По утверждению Анны Ахматовой, женщины так и остались немотствующими в течение многих веков, покуда она не научила их раскрывать в поэзии свои радости, боли и чаяния. Кончилось их многовековое молчание, но, к сожалению, они плохо воспользовались теми уроками, которые были преподаны ею, и разочарованная учительница стала с тоскою желать, чтобы они вновь замолчали. На них-то и обрушивается ее эпиграмма.
Эта «едкая литературная шутка», для разъяснения которой мне потребовалось такое большое количество слов, спрессована Ахматовой в четыре строки:
Могла ли Биче словно Дант творить[370]370
По предположениям некоторых исследователей, девушку, воспетую Данте, звали Биче Портинари. Данте назвал ее именем Беатриче, чтобы не компрометировать ее в глазах современников.
[Закрыть]
Или Лаура жар любви восславить?
Я научила женщин говорить…
Но, боже, как их замолчать заставить!
По этой эпиграмме можно судить, до какой чрезвычайной компактности доводила свои стихотворения Ахматова, и кроме того, какого она была высокого мнения о своей исторической миссии.
Никогда не забывала она того почетного места, которое ей уготовано в летописях русской и всемирной словесности. Это сознание укрепляло ее в самые безотрадные периоды жизни. Только оно дало ей моральную силу перенести тяжелые удары судьбы.

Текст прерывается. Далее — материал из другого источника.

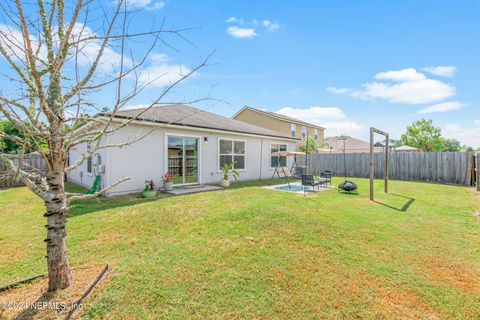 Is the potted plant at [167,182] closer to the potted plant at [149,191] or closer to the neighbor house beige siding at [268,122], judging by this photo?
the potted plant at [149,191]

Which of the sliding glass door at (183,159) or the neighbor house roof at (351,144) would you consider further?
the neighbor house roof at (351,144)

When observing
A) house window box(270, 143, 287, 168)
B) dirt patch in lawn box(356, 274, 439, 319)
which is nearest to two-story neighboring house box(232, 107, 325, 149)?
house window box(270, 143, 287, 168)

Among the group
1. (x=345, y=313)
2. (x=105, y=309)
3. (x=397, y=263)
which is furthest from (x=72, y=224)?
(x=397, y=263)

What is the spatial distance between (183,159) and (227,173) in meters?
2.60

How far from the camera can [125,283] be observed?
279cm

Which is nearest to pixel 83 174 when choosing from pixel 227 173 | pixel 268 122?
pixel 227 173

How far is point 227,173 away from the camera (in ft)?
38.8

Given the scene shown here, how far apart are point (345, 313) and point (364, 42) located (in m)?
12.0

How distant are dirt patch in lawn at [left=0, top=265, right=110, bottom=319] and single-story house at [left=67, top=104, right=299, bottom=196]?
4219mm

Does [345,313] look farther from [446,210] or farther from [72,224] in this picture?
[446,210]

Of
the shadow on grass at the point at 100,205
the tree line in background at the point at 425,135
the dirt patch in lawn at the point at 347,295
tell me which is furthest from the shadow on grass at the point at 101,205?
the tree line in background at the point at 425,135

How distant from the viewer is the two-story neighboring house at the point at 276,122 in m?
24.1

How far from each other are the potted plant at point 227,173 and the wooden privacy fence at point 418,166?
6120 mm

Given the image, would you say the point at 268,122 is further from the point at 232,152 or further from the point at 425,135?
the point at 425,135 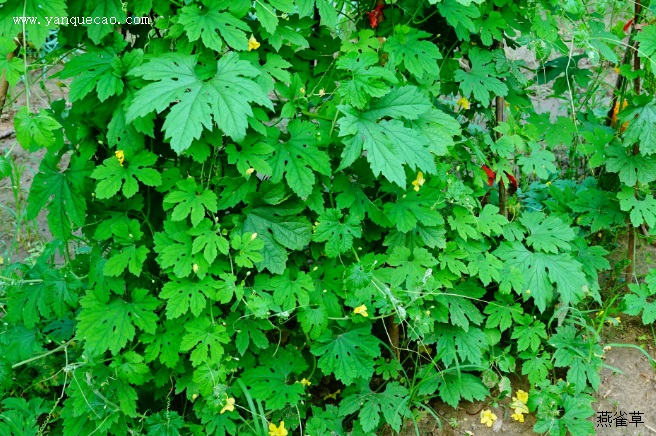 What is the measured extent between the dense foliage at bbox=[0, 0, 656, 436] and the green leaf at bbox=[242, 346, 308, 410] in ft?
0.04

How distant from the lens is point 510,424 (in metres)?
3.12

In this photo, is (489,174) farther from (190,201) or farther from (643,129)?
(190,201)

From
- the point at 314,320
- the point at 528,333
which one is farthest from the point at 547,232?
the point at 314,320

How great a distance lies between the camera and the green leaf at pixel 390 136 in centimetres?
247

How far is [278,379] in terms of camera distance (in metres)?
2.87

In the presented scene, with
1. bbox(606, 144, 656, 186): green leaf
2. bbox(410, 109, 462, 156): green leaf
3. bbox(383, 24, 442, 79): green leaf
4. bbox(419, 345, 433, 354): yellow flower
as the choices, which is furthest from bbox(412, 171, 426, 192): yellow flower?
bbox(606, 144, 656, 186): green leaf

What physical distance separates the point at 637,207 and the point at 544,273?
572 mm

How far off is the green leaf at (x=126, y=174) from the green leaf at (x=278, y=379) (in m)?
0.88

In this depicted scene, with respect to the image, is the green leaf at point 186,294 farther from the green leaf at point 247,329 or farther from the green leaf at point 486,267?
the green leaf at point 486,267

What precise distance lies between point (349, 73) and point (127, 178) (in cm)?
91

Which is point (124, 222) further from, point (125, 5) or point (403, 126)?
point (403, 126)

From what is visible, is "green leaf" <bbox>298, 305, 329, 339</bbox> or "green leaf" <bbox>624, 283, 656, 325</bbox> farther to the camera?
"green leaf" <bbox>624, 283, 656, 325</bbox>

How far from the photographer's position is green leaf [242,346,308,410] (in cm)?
280

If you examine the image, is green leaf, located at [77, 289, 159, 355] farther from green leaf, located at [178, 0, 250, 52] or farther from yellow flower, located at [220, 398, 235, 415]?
green leaf, located at [178, 0, 250, 52] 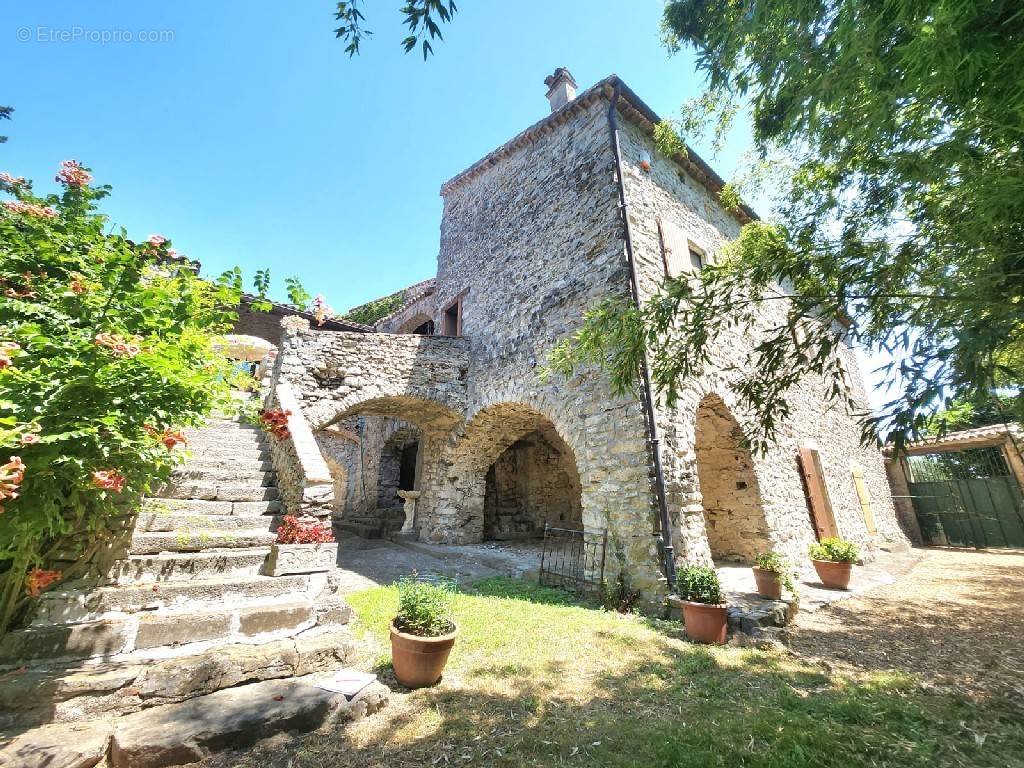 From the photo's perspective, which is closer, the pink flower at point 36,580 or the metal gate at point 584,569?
the pink flower at point 36,580

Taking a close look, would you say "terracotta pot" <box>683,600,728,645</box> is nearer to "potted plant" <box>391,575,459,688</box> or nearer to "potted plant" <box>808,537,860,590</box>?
"potted plant" <box>391,575,459,688</box>

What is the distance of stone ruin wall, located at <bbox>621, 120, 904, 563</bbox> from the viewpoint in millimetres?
5625

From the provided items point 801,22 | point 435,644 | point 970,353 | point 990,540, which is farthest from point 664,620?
point 990,540

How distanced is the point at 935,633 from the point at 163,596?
7.77 meters

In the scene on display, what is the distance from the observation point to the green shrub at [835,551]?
20.9 feet

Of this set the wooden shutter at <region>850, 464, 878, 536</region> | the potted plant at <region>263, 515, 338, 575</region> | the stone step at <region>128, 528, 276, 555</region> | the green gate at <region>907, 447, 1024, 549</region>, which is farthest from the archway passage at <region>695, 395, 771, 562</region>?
the green gate at <region>907, 447, 1024, 549</region>

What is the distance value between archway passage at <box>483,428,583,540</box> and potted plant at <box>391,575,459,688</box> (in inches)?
296

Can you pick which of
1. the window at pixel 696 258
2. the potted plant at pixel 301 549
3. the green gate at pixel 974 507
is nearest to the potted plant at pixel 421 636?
the potted plant at pixel 301 549

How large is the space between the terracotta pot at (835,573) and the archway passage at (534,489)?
5.26 meters

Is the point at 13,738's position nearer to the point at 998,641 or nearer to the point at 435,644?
the point at 435,644

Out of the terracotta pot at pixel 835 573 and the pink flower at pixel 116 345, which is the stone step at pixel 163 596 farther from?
the terracotta pot at pixel 835 573

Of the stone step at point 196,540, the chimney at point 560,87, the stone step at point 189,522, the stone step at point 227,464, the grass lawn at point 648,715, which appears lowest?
the grass lawn at point 648,715

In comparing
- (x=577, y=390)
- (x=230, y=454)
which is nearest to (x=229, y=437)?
(x=230, y=454)

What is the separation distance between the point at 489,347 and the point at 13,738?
7246 millimetres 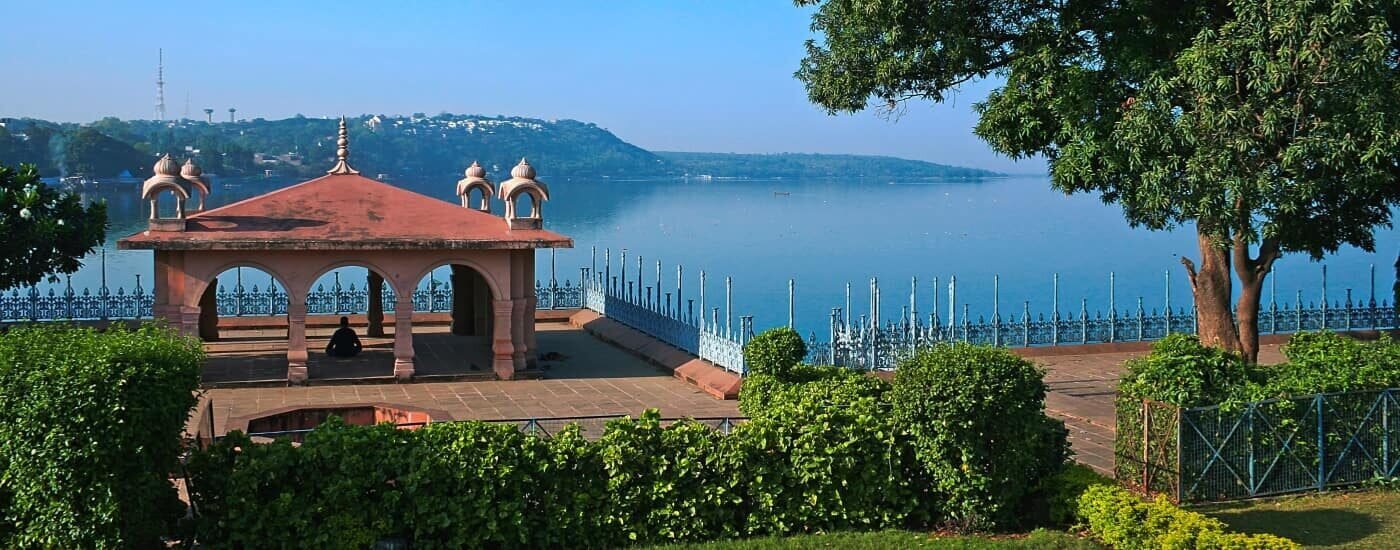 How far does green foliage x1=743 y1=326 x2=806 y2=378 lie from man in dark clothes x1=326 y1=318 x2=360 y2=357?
11596mm

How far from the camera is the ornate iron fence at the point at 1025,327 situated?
68.4 ft

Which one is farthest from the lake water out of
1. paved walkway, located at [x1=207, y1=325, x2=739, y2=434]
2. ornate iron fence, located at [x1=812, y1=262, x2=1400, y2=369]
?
paved walkway, located at [x1=207, y1=325, x2=739, y2=434]

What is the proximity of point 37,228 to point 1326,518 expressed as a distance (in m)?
19.5

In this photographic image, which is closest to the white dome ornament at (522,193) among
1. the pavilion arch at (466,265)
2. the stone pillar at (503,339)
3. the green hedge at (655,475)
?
the pavilion arch at (466,265)

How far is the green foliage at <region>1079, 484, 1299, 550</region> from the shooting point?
9.92 m

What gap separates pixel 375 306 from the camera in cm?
2644

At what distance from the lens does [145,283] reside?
176 ft

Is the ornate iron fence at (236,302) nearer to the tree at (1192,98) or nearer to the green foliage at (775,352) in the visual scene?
the tree at (1192,98)

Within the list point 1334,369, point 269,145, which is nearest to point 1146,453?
point 1334,369

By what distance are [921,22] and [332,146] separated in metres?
128

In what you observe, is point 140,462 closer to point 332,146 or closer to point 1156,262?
point 1156,262

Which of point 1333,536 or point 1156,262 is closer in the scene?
point 1333,536

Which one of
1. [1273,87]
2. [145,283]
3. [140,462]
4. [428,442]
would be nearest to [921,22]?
[1273,87]

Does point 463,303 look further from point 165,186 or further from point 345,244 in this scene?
point 165,186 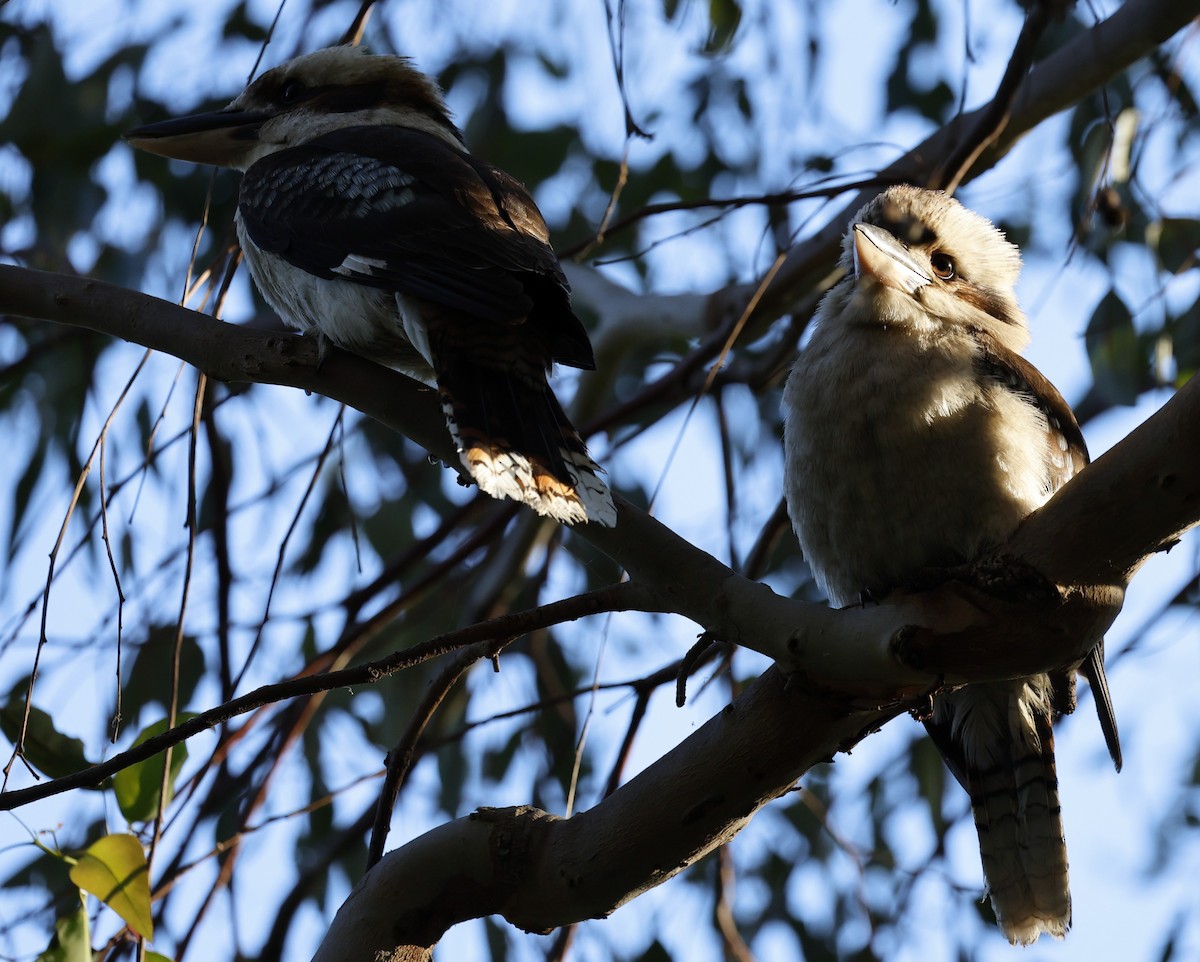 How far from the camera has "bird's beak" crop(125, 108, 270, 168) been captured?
7.04ft

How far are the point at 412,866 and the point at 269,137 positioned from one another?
1.38m

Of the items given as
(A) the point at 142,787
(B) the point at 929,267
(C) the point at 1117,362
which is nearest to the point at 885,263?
(B) the point at 929,267

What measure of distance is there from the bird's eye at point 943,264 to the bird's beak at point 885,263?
100 millimetres

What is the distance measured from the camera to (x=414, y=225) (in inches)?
65.6

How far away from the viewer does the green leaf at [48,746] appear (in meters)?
1.47

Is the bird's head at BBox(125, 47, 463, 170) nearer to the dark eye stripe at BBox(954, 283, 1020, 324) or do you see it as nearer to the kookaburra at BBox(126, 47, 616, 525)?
the kookaburra at BBox(126, 47, 616, 525)

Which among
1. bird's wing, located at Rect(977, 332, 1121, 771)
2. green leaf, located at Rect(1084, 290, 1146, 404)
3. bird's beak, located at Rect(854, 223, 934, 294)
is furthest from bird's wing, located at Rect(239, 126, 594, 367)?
green leaf, located at Rect(1084, 290, 1146, 404)

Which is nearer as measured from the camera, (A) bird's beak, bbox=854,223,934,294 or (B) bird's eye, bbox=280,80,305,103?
(A) bird's beak, bbox=854,223,934,294

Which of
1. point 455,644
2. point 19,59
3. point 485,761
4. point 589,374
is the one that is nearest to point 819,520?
point 455,644

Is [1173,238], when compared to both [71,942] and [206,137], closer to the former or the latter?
[206,137]

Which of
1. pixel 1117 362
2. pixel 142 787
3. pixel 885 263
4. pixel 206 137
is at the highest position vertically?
pixel 206 137

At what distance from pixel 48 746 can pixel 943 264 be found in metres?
1.25

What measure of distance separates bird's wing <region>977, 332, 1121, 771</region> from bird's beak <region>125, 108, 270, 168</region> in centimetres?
122

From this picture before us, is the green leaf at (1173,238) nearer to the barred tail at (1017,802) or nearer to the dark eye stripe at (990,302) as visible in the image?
the dark eye stripe at (990,302) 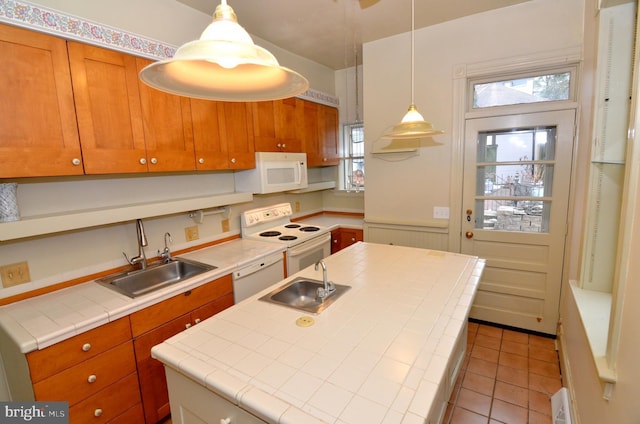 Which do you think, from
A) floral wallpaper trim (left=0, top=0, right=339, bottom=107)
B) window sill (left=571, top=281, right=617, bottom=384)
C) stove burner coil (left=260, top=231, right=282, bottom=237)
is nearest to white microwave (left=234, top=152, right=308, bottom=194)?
stove burner coil (left=260, top=231, right=282, bottom=237)

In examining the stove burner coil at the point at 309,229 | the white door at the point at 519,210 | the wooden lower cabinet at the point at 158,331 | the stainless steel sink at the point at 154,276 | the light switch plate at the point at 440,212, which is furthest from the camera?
the stove burner coil at the point at 309,229

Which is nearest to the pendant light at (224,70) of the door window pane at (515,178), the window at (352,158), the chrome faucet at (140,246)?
the chrome faucet at (140,246)

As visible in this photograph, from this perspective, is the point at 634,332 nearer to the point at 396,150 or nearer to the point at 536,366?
the point at 536,366

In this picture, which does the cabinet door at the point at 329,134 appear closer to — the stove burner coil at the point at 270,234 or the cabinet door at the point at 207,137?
the stove burner coil at the point at 270,234

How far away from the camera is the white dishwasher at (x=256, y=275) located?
92.6 inches

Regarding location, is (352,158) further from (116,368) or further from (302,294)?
(116,368)

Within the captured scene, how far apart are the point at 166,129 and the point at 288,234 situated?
1.50 m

Отсюда же ее горячий протест против нынешних Лаур и Беатриче, рабски имитировавших ее новаторский стиль. Когда в «Вечере» появилось двустишие:
Я на правую руку надела
Перчатку с левой руки,—
Анна Андреевна сказала смеясь: «Вот увидите, завтра такая-то – она назвала имя одной из самых юрких поэтесс того времени – напишет в своих стихах:
Я на правую ногу надела
Калошу с левой ноги».
Предсказание ее вскоре сбылось: правда, имитаторша не прикоснулась к перчаткам Ахматовой – зато похитила у нее всю ее лексику, ее интонации, внешние приемы ее мастерства.
И таких подражательниц было в те времена очень много. Тотчас же после появления в печати «Вечера» и «Четок» на страницы журналов так и хлынули дамские вирши – жеманные, безвкусные, истеричные, пошлые, лишенные чувства меры и того благородного стиля, которые сделали поэзию Ахматовой одним из лучших достояний русской лирики…
Устных эпиграмм я слышал от нее очень много, а иные записал с чужих слов. Вот одна из них – чрезвычайно типичная.
Приехал к ней из Стокгольма почтительный швед, писавший о ней какую-то ученую книгу. Через два-три дня ее спросили, пришлись ли ей по душе те суждения, какие он высказал об ее даровании.
Анна Андреевна мгновенно ответила:
– Я никогда не видела такой ослепительно белой рубашки, как та, что была на нем. Мы тут воевали, устраивали революцию, голодали, снова воевали, а шведы все эти годы сти-и-рали и гла-а-дили эту рубашку…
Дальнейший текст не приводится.